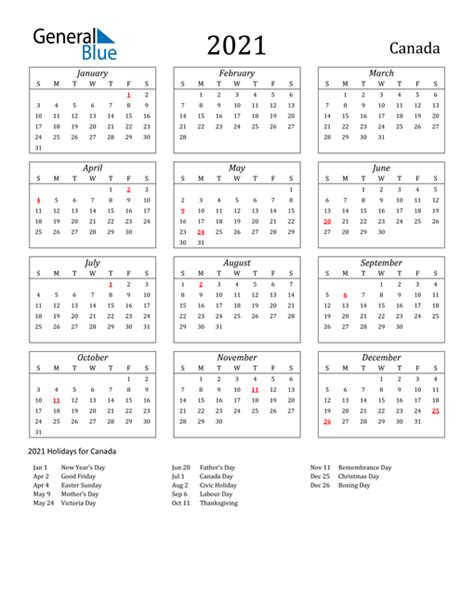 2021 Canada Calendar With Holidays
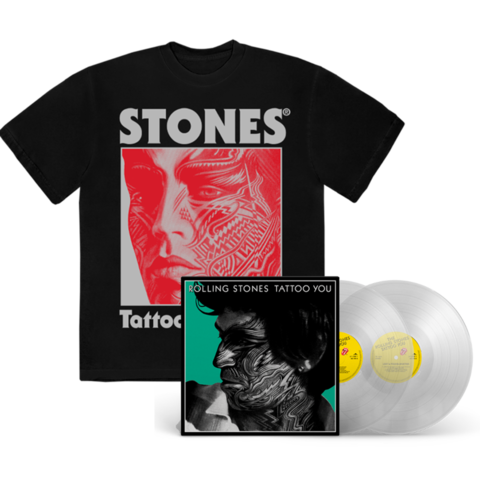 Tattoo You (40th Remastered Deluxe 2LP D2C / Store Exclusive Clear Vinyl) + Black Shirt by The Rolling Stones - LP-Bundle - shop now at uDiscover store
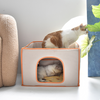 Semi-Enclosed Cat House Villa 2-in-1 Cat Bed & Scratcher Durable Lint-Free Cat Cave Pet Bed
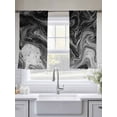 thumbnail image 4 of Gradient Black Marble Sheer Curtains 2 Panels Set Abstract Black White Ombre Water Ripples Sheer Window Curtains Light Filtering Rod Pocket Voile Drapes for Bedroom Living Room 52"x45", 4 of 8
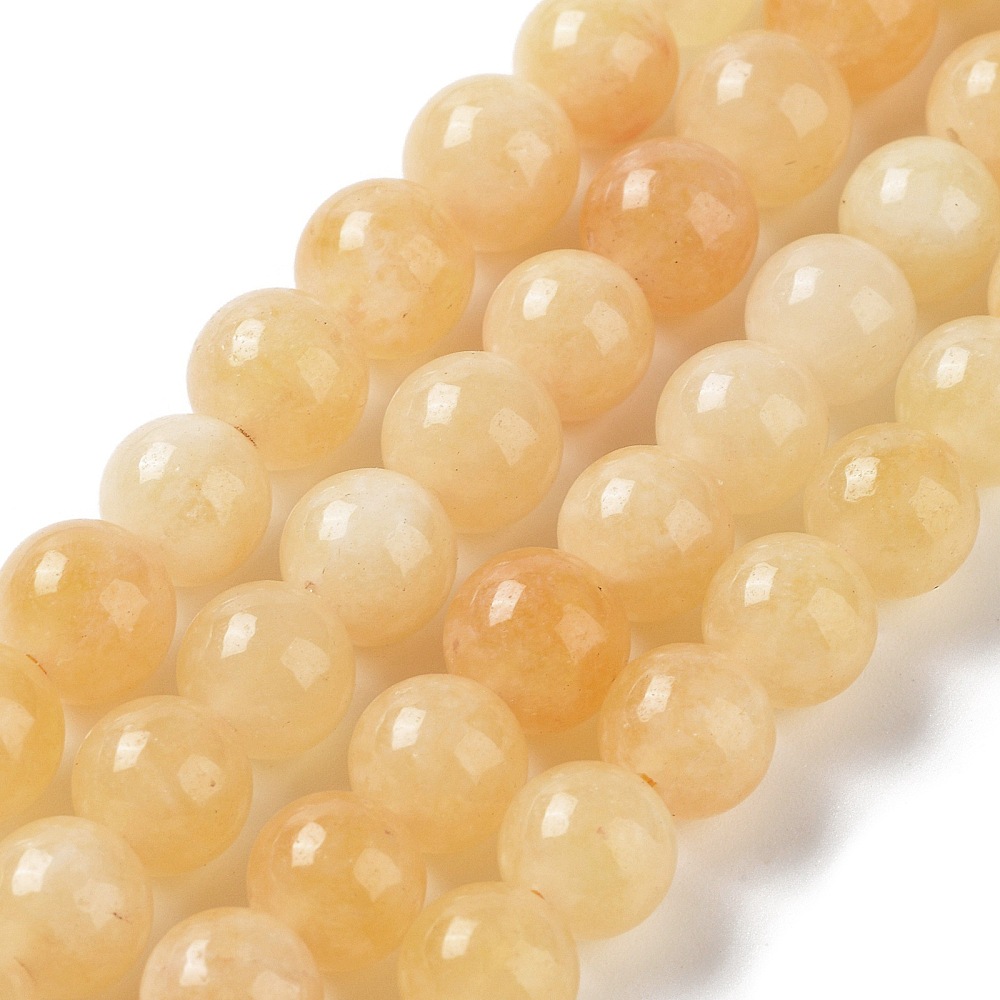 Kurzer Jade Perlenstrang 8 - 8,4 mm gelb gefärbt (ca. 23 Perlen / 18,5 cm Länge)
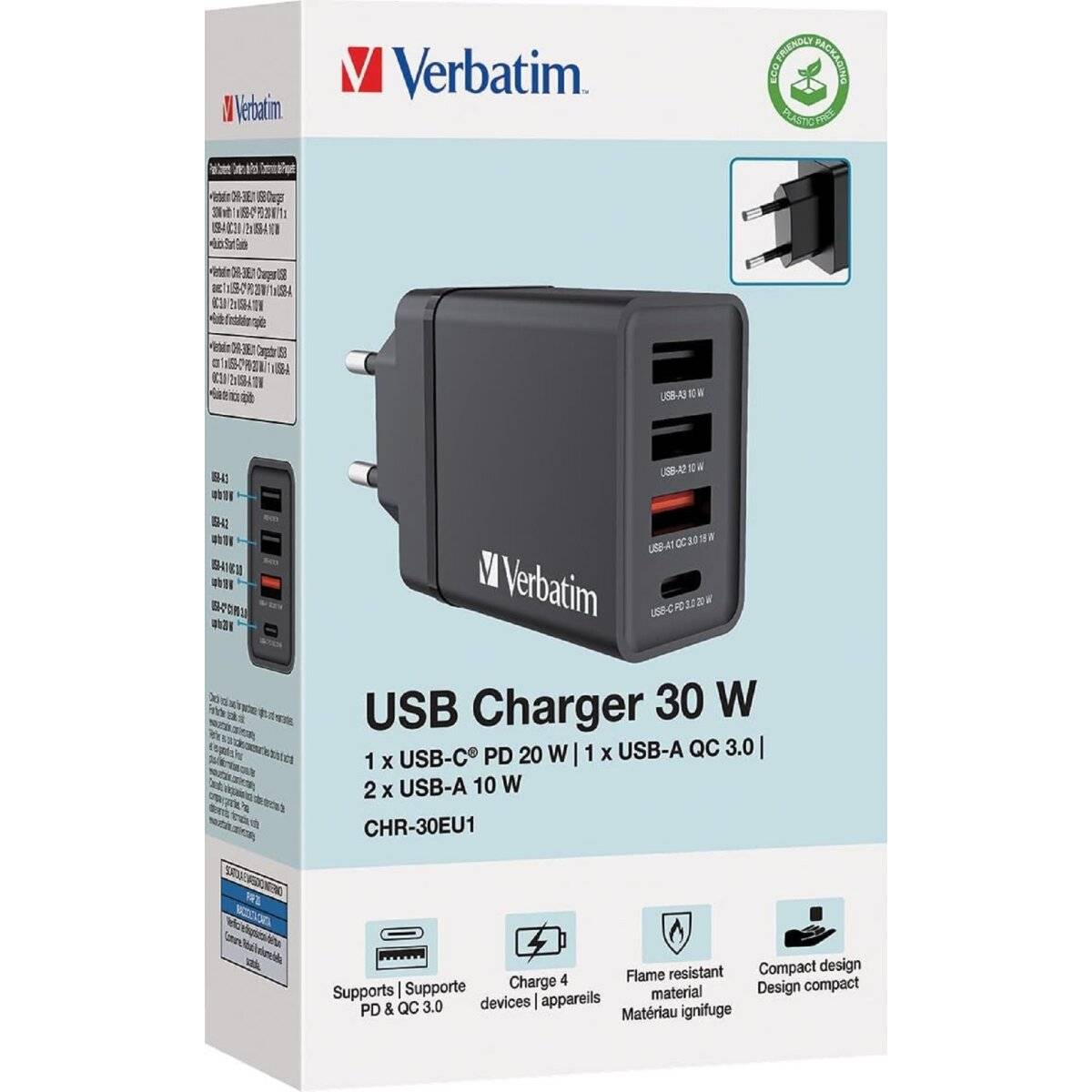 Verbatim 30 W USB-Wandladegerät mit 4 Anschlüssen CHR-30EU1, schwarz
----
_THE PROBLEM_. Transcribe the full listing exactly, but keep every image out of it.

_YOUR SOLUTION_.
 2021 Canada Calendar With Holidays
 Tattoo You (40th Remastered Deluxe 2LP D2C / Store Exclusive Clear Vinyl) + Black Shirt by The Rolling Stones - LP-Bundle - shop now at uDiscover store
 Semi-Enclosed Cat House Villa 2-in-1 Cat Bed & Scratcher Durable Lint-Free Cat Cave Pet Bed
 thumbnail image 4 of Gradient Black Marble Sheer Curtains 2 Panels Set Abstract Black White Ombre Water Ripples Sheer Window Curtains Light Filtering Rod Pocket Voile Drapes for Bedroom Living Room 52"x45", 4 of 8
 Kurzer Jade Perlenstrang 8 - 8,4 mm gelb gefärbt (ca. 23 Perlen / 18,5 cm Länge)
 Verbatim 30 W USB-Wandladegerät mit 4 Anschlüssen CHR-30EU1, schwarz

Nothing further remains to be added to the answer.